Going to a for-profit school may limit future of students

I’m working with a client to help fill a management level position, and last week we interviewed an applicant with three degrees from a for-profit university.

As college degrees become more important for both hiring and advancement, these for-profit educational institutions are growing in number and presence. For-profit schools are just that — businesses. They are corporations, often with shareholders, that have the objective of making a profit. Education is their product. If you’re thinking about going back to school, here are some things to consider before you commit your time or your money to these businesses.

Consider your objective. If you want a technical skill, the for-profit route may be for you. Most of these schools do not have entrance requirements. Money and a high school diploma or its equivalent will get you a seat in the program.

If you want a college education, consider that the for-profit degrees come with limits. Credits for your work may not transfer to other programs. A bachelor of science degree may not qualify you to move into a graduate program with another school. Most employers will give preference to a candidate with a degree from a traditional university. And if you’re thinking about an advanced degree that will allow you to teach at the university level, don’t even consider the for-profit route. If your objective is flexibility, remember that many traditional universities are now offering online classes and flexible scheduling.

Pay attention to accreditation. Accreditation for the university AND for specific programs is a big deal. Learn what accreditation means. Know what the standard of excellence is. Lack of appropriate accreditation may mean your degree is worth very little.

Pay attention to cost. Congress is now involved in investigating the costs of for-profit schools. Many state schools are now offering online, evening and weekend programs for much less money. For example, the Georgia WebMBA program is a fully online 18-month master’s program offered through a consortium of accredited state university business schools. The cost is roughly half of the for-profit cost. Check out your options fully before you commit.

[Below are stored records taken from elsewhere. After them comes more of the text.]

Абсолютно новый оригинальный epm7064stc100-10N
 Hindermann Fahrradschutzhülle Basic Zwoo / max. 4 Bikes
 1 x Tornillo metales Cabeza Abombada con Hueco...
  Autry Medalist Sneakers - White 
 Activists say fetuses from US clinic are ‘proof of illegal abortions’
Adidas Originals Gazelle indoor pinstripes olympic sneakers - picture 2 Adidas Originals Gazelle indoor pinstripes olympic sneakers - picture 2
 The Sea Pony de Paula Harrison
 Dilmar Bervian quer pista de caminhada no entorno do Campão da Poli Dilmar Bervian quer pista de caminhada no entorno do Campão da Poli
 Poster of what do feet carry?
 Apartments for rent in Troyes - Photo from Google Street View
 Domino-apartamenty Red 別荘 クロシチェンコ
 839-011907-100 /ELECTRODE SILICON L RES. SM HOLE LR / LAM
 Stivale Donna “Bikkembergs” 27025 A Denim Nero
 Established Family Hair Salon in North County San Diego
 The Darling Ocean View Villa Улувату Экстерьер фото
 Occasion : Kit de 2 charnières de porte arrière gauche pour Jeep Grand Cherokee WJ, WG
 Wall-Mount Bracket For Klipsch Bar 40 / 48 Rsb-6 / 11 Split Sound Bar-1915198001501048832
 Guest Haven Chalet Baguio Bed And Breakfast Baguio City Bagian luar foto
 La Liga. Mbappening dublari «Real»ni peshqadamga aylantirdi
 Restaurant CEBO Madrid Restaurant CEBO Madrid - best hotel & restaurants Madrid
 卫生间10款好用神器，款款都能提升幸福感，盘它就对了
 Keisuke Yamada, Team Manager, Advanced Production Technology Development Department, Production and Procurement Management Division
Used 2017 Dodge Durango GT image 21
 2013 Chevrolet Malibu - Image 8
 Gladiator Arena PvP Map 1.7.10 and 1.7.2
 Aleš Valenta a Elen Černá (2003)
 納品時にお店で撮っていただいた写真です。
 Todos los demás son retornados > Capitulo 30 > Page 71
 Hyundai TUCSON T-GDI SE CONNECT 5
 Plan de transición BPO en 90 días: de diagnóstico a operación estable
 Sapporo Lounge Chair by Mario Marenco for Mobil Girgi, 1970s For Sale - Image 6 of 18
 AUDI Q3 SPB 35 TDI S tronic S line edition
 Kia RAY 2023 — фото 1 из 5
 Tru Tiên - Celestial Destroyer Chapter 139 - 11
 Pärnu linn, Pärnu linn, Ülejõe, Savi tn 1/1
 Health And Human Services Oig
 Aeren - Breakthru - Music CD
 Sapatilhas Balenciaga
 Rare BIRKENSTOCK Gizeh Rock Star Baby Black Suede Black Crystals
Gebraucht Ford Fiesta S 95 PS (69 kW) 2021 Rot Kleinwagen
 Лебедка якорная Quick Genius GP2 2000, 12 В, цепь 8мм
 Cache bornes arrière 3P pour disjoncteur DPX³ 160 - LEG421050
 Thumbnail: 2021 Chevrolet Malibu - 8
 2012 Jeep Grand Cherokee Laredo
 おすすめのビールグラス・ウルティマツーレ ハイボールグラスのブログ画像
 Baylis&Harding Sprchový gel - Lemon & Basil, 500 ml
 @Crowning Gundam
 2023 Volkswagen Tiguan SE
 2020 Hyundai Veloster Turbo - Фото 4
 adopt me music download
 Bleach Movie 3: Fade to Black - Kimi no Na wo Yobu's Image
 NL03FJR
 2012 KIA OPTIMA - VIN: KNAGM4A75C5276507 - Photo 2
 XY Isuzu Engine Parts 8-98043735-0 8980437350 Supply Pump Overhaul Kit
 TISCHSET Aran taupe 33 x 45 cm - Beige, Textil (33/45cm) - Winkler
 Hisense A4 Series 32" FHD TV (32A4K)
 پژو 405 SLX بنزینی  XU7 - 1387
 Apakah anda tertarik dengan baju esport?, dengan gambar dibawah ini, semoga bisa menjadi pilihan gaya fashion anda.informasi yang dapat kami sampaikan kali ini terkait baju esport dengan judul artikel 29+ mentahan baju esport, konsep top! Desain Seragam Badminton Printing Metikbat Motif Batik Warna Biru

Investigate the financial health of any for-profit you’re considering. There have been several recent news stories of for-profit universities going belly up, closing their doors and leaving students high and dry. Remember that those credits won’t transfer anywhere. While most schools won’t disclose financial information to prospective students, that information is filed as part of any legitimate accreditation process. Contact the accrediting organization and ask about financial stability of the for-profit school before you commit.

In full disclosure, remember that I teach at one of our state universities. I’m biased. It’s just that I’ve seen a lot of people spend a lot of money on for-profit degrees that simply do not have the credibility of a degree from an accredited traditional program.

Know BEFORE you commit, and buyer beware if you’re considering one of the for-profit schools.

An experienced business executive and organizational consultant, Jan Flynn teaches at the J. Whitney Bunting College of Business at Georgia College & State University.